I do understand that conntrac sees 172.16.10.1 sending traffic to 172.16.10.2
What I dont understand is why the connection marks on any of this traffic was removed…
Packets don’t carry connection marks (it’s not in the IP packet), they are assigned by conntrack. (There are some exceptions.) The packet output by wireguard has no marks whatsoever on it initially. The packet goes:
[emitted by wg] → initial routing decision → conntrack → mangle output → final routing decision (routing adjustment) → and so on
The packet is annotated with the connection mark in the conntrack phase. Until then, there is no associated connection mark. (On normal linux, wg interfaces have a property fwmark, which allows all packets emitted by wg to be marked on creation - this is not currently available on Mikrotik.)
What I dont understand is how the router can magically put them back on without admin direction…
Again, packets on interfaces (ethernet, virtual interfaces, all of them) come into the router “naked”. Conntrack labels them based on the conntrack entry it associates with them. When a mangle assigns a connection mark, it is noted in the conntrack entry the packets nf metadata references.
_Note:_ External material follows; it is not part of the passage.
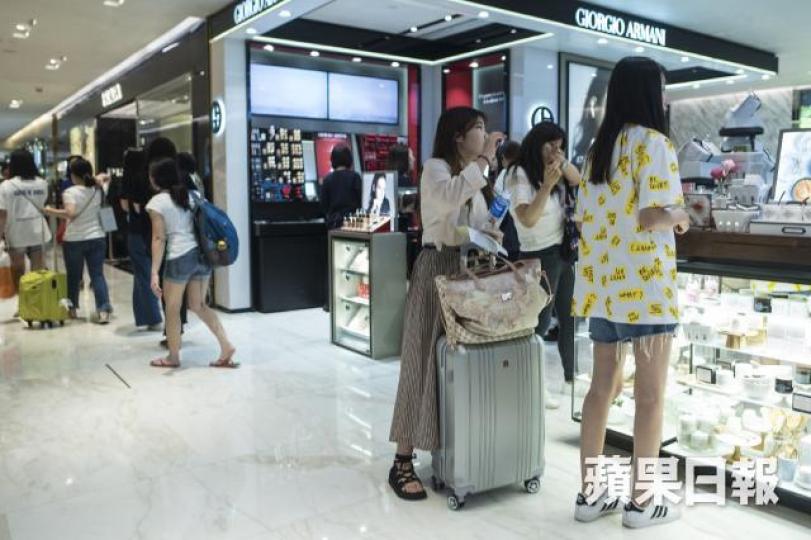 ■銅鑼灣及尖沙嘴一帶大型商場內都未見有人潮。 ■銅鑼灣及尖沙嘴一帶大型商場內都未見有人潮。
Where was conntrack involved in the process of changing the addresses>> Conntrac is not involved after DSTNAT in prerouting its before, and of course before the next block of input srcnat.
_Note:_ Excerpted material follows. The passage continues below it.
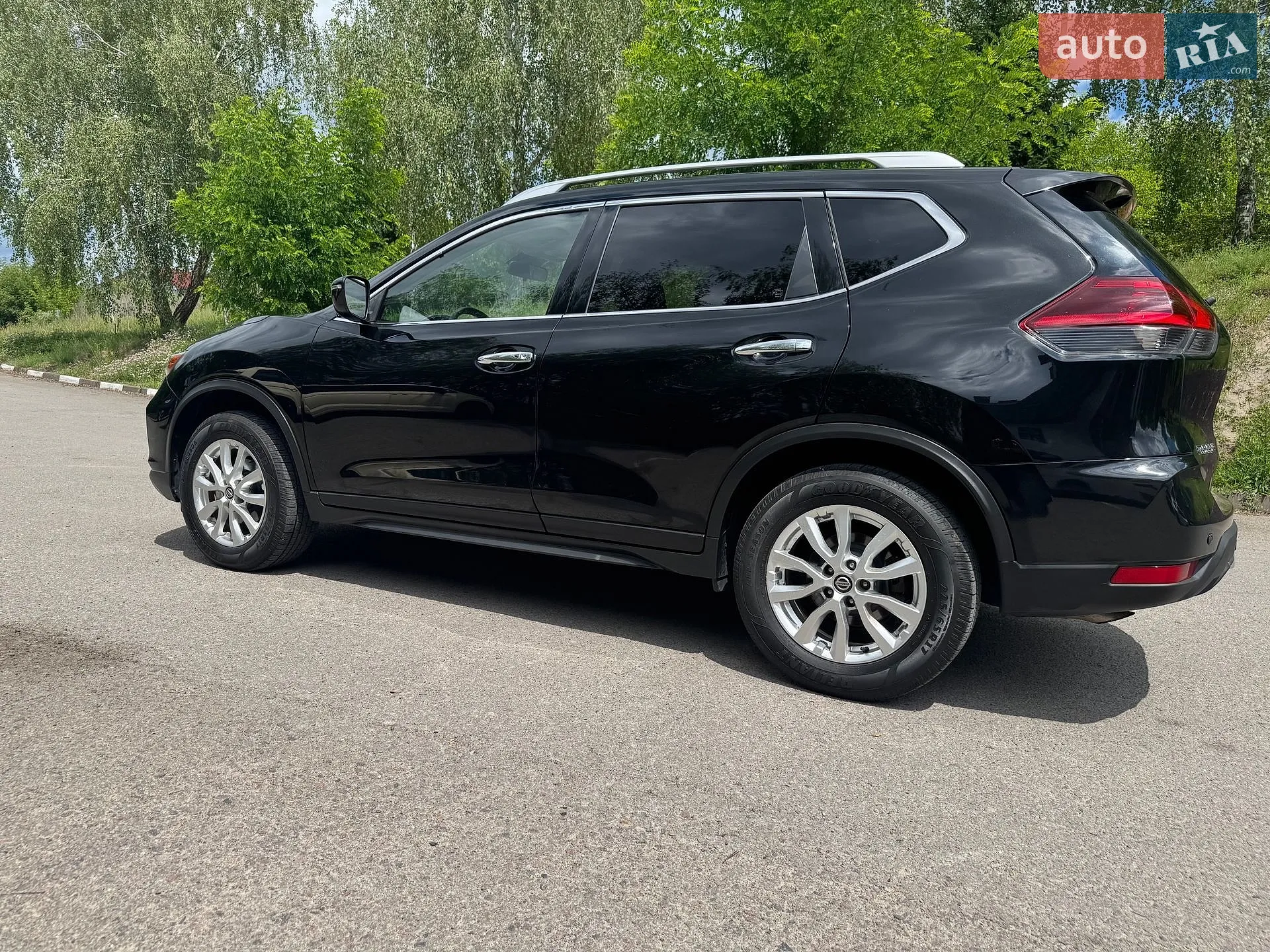 2020 Nissan Rogue - мініатюра 16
(as per packet flow diagram)
Again, dst-nat modifies the conntrack entry. That’s its primary purpose. The translation is done immediately to be in line with the (freshly modified) conntrack entry.
Connection tracking is only seen again in output just before mangle output which I suppose is where we move that traffic out WAN2 with the connection marks and route mark.
I do understand the concepts of un-dst and un-src so that we have a traffic flow that now resembles 192.168.112.10 to 192.168.33.1.
I do understand that the original dst port (listening port on local device) and original src port ( listening port from remote device) were maintained throughout the process and need no shenanigans.The other thing that is not clear to me is how this fools the router at all vis-a-vis avoiding WAN1. In SINDYs rule we fool the router in the last step, by getting the router to un-dsnat out wan2 vice WAN1.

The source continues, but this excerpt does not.